Starting in season 1973–74, the Scottish Rugby Union organised the full member clubs into six leagues. This suited some of the 'open' clubs, but many of the older former pupils' clubs found it difficult to compete successfully, and were forced into going 'open' themselves to try to recruit some of the better players. Those who didn't declined. Open clubs kept their old FP or academic name, and still played on grounds owned by the schools. In the first 14 seasons of league rugby, the Division I championship was won by Hawick on ten occasions.

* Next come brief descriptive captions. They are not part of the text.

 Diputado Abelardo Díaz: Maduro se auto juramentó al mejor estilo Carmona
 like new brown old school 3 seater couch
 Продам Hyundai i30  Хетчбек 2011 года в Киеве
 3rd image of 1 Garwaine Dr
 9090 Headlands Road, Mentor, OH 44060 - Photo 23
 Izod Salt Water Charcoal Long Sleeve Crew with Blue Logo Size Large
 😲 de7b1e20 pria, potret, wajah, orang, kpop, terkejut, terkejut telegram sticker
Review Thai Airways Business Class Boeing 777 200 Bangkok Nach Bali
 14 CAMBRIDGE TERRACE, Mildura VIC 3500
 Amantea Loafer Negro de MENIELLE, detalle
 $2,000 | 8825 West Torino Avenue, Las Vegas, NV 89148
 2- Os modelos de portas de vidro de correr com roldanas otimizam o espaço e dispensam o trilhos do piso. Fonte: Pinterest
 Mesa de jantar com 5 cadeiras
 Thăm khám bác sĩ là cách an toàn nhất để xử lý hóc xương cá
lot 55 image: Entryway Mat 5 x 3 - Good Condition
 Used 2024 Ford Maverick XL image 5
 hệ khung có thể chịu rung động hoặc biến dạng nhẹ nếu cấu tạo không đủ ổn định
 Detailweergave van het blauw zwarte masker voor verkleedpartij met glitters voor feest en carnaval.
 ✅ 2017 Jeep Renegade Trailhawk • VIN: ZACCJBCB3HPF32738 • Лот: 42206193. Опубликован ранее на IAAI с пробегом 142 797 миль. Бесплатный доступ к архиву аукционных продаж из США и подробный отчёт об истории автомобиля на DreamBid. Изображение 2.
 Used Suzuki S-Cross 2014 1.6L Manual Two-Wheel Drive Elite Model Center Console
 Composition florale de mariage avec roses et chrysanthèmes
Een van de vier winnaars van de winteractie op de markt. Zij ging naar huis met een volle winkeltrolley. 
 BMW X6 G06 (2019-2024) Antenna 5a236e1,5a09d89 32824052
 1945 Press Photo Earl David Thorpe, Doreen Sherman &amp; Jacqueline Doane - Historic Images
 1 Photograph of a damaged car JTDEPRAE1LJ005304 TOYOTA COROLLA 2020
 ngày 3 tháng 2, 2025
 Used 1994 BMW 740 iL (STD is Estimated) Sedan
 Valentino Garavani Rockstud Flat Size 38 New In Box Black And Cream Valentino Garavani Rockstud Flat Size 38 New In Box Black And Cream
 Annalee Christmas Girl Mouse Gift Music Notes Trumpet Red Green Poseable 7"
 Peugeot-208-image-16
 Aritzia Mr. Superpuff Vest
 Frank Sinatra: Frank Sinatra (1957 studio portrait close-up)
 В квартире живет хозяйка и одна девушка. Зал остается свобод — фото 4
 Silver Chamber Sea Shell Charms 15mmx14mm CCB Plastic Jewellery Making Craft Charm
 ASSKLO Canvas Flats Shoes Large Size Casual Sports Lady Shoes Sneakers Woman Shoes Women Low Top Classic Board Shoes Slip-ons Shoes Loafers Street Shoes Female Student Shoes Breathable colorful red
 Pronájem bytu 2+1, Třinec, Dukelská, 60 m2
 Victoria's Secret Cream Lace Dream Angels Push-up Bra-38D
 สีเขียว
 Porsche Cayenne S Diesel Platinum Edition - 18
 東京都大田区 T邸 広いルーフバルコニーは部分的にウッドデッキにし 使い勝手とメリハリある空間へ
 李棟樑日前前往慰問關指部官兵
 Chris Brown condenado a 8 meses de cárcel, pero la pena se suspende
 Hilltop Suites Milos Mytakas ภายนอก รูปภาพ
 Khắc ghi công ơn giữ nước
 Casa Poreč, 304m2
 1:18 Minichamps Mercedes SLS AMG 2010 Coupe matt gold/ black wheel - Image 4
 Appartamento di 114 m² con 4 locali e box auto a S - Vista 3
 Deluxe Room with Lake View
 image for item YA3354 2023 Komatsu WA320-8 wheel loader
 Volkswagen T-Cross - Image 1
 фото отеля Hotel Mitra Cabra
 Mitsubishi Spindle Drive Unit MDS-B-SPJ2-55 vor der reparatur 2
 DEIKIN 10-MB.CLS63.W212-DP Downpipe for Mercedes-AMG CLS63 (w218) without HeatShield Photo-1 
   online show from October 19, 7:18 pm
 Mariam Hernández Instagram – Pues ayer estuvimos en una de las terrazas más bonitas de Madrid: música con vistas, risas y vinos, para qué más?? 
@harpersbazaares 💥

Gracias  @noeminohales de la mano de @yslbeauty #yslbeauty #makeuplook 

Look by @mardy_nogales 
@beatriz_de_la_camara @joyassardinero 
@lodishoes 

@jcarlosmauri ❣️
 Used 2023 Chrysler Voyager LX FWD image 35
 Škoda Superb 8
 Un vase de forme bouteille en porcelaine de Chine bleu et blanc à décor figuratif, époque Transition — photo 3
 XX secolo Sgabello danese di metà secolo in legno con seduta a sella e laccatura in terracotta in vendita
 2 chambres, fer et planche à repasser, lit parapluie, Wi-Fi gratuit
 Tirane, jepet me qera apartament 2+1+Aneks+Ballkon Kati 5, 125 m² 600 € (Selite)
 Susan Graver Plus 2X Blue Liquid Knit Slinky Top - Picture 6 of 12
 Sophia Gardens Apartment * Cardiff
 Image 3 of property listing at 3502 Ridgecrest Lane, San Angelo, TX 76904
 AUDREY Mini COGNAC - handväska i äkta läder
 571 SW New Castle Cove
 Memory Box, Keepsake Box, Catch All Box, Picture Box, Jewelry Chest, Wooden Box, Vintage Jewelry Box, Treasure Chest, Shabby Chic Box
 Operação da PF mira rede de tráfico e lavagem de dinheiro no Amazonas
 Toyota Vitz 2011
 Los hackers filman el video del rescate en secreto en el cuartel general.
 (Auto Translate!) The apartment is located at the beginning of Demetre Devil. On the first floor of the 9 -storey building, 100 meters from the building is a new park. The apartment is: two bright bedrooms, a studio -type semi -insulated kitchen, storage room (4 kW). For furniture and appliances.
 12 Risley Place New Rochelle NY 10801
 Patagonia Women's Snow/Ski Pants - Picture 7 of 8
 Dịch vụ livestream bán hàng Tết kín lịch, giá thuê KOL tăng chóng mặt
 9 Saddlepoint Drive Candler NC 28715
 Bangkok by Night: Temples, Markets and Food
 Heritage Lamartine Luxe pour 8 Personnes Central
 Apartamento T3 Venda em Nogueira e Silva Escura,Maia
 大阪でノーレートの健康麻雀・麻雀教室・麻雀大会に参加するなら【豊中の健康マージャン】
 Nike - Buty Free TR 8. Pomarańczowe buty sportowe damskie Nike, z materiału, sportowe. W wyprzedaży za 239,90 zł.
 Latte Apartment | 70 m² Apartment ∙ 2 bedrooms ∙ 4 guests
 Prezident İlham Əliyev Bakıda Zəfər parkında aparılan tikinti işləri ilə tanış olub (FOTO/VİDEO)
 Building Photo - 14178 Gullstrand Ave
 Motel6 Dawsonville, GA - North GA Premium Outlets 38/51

One consequence was soon apparent: fewer players were selected from English clubs to represent Scotland. For the first time since before the First World War, the domestic game was producing an adequate number of players of genuine international class. Though the SRU's administrators were often seen as backward-looking, Scotland had a national league before England, Wales, or Ireland.

Heriot's FP became the first city club to win the championship. They had already attracted "outsiders"; their leading try-scorer was Bill Gammell, a Fettesian already capped for the Scotland national rugby union team while playing for Edinburgh Wanderers. League rugby drew the crowds, and the 20 years that followed its introduction were the best in the history of Scottish club rugby. During that period the title of champions rarely left the Borders, with Hawick, Melrose and Gala enjoying long periods of ascendancy. Latterly, however, Borders' domination has weakened with teams from across the central belt featuring, particularly from Edinburgh, with Boroughmuir, Watsonians and Currie, along with Heriot's, all champions.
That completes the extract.